To demonstrate the effectiveness of the prediction method following the clustering of weather patterns proposed in this study, we compare the predicted results from various models after categorizing the weather days, as shown in
Table 2 and
Table 3. The comparison involves several methodologies, including long short-term memory (LSTM), Backpropagation Neural Network (BPNN), and Wavelet Neural Network (WNN). The hyperparameters of each model are optimized by the CRSSA algorithm proposed in this study. The process begins with calculating the similarity measure between the day to be predicted and the defined clusters. This is followed by training on sample clusters that exhibit higher similarity, effectively screening the data from the perspective of the inputs. This approach contributes to enhancing the prediction accuracy for each model. The results indicate that the proposed method can, at most, achieve a reduction of 1.2% in the MAPE and a decrease of 1.47 in the RMSE when compared to the LSTM model. This suggests that the proposed model significantly improves the accuracy of PV power predictions. Furthermore, the prediction accuracy of the LSTM model surpasses that of the traditional BPNN and WNN models, highlighting the efficacy of LSTM’s temporal memory function for addressing prediction challenges. Additionally, the prediction performance of the model after applying CNN feature extraction is superior to that of the original LSTM model, confirming that the CNN effectively extracts relevant features, contributing to improved predictive accuracy.

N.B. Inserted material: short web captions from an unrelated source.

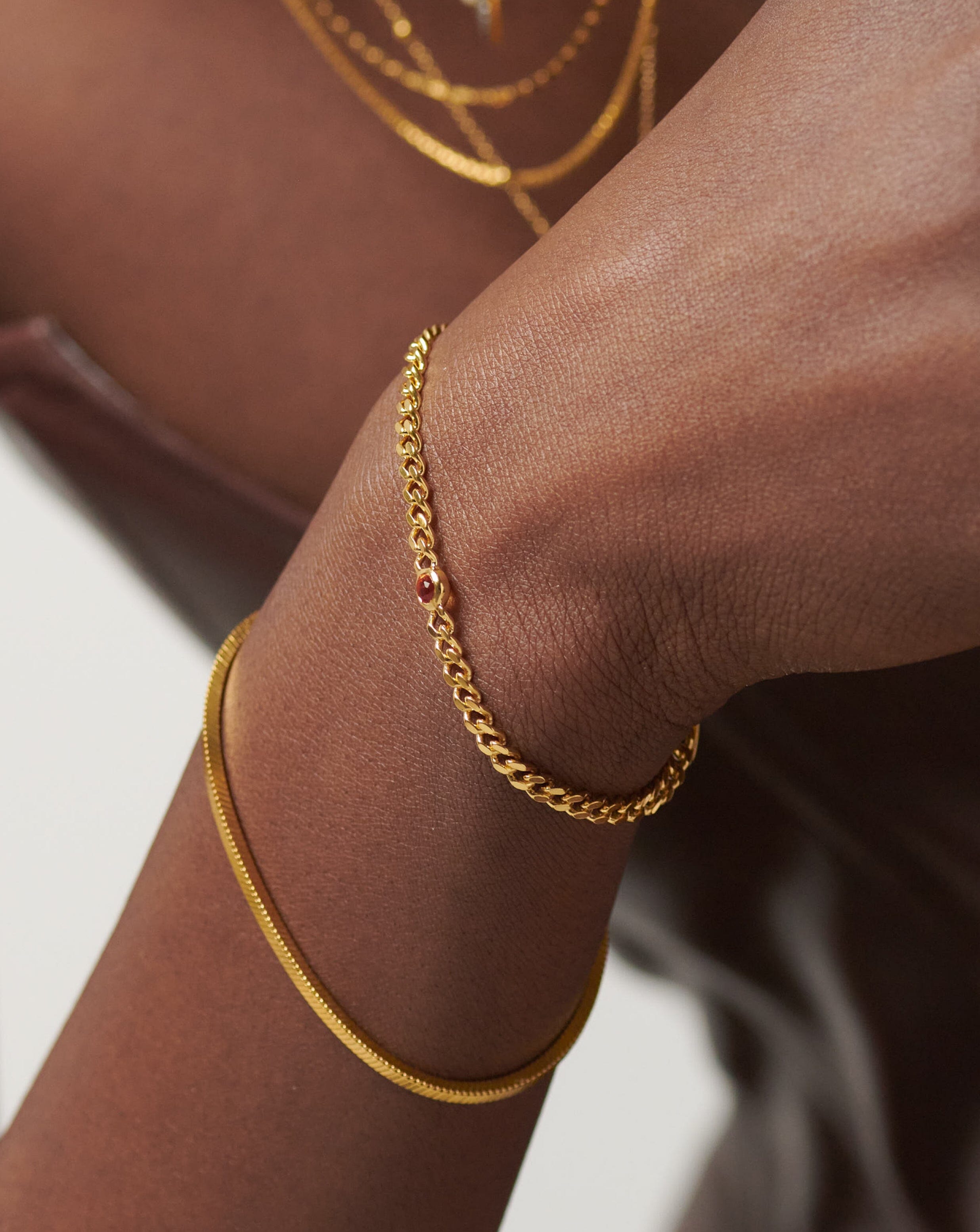 January Birthstone Chain Bracelet | 18k Gold Plated Vermeil/Garnet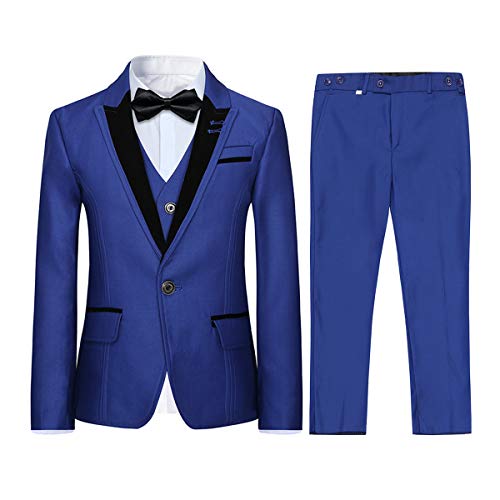 Sliktaa Boys 3 Pieces Suits Shawl Lapel Slim Fit Tux Jacket Vest Pants 6 Colors Prom Party Wedding Suit, Blue,12 Years
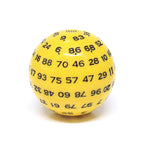 RPG Dice | d100 | Solid Yellow | Black Ink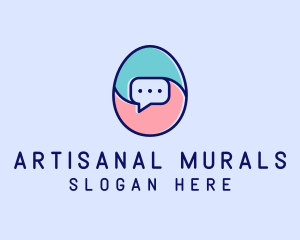 Egg Message Chat logo design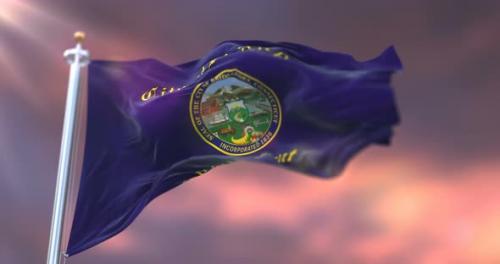 Videohive - Flag of Bridgeport at Sunset, Connecticut, United States - 33246373 - 33246373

To illustrate the superiority of the prediction model proposed in this study, we present the results of typical daily predictions across various weather patterns from the test set, as depicted in
Figure 6,
Figure 7 and
Figure 8. The analysis reveals that the CNN-LSTM model developed in this study achieves the highest prediction accuracy among the models evaluated. Notably, the fluctuations in PV power under Weather Mode 1 are minimal, and the prediction results from all models closely align with the actual values. This observation indicates that the model effectively learns the weather fluctuation characteristics associated with sunny conditions. Furthermore, the prediction accuracy in the context of Weather Mode 1 is significantly greater than that for Weather Modes 2 and 3, highlighting the impact that varying weather conditions have on prediction accuracy. If historical data corresponding to Weather Modes 2 or 3 are used as the training set for Model 1, this could adversely affect its prediction accuracy. This finding corresponds with the results detailed in
Table 1 and
Table 2, further validating the reasonableness and effectiveness of the proposed method.

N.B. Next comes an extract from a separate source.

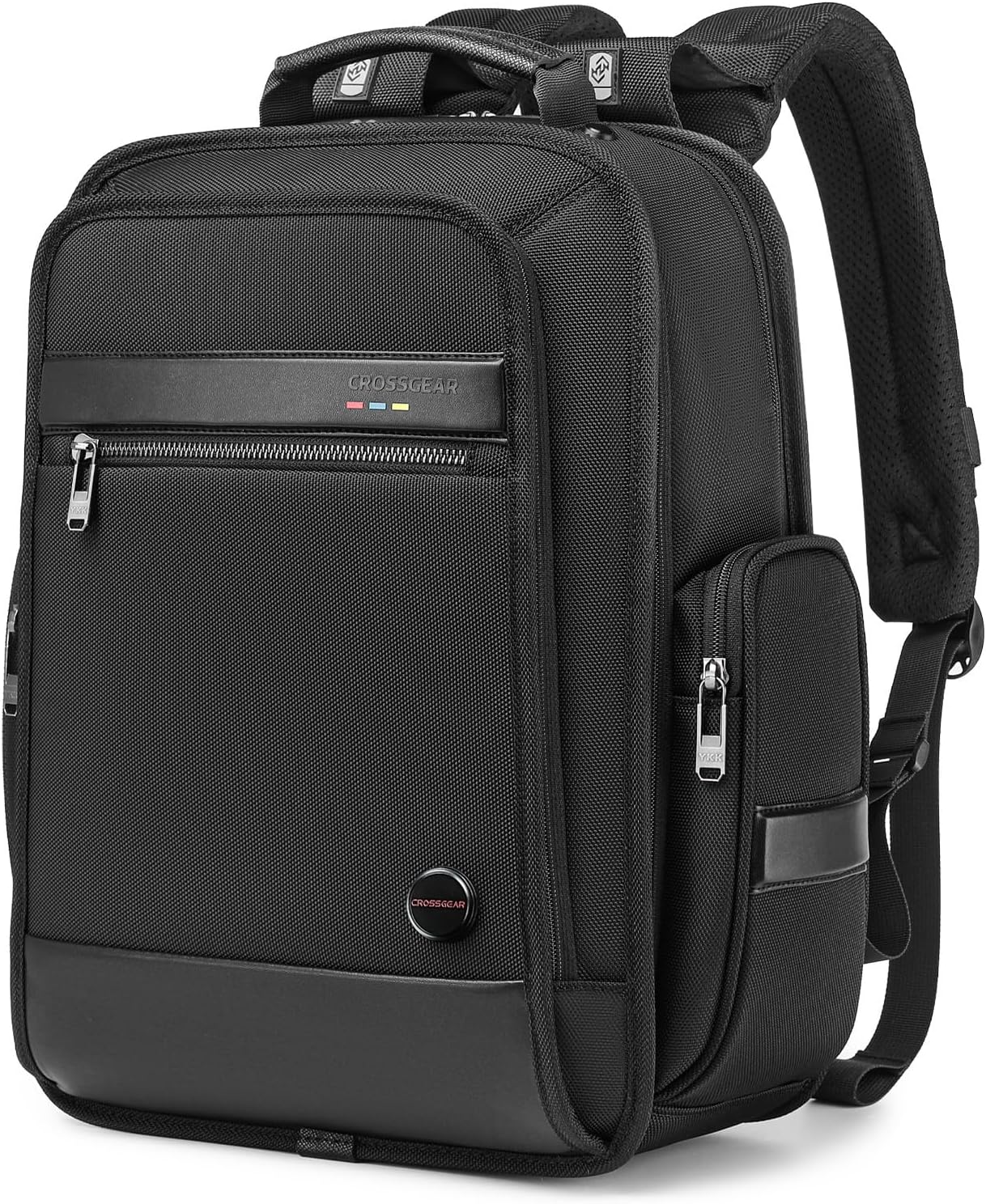 CROSSGEAR Business Laptop Backpack for Men Women, 20L Large Bookbag Travel TSA Approved Carry on Backpack Waterproof Casual Daypack 15.6" Professional Computer Bag with Thicker Compartments, Black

To demonstrate the effectiveness of the hyperparameter optimization scheme proposed in this study, the Nanjing area in China is used as a case study. In this analysis, the manually adjusted hyperparameters serve as the baseline (denoted as “Base”). Various optimization algorithms, including ISSA, SSA, PSO, and Ant Colony Optimization (ACO) algorithm, are employed to optimize the hyperparameters for the CNN-LSTM prediction model. The resulting error indicators from these optimizations are presented in
Table 4 and
Table 5, and the convergence curves are depicted in
Figure 9,
Figure 10 and
Figure 11. It is important to note that the objective function used in the iterative process is the average value derived from K-fold cross-validation of the training set. The results indicate that employing intelligent optimization algorithms for hyperparameter tuning significantly enhances the prediction performance of the model. Among the different optimization methods evaluated, the proposed CRSSA exhibits the best convergence performance. It achieves the lowest values for the error metrics MAE and MAPE in predicting PV power.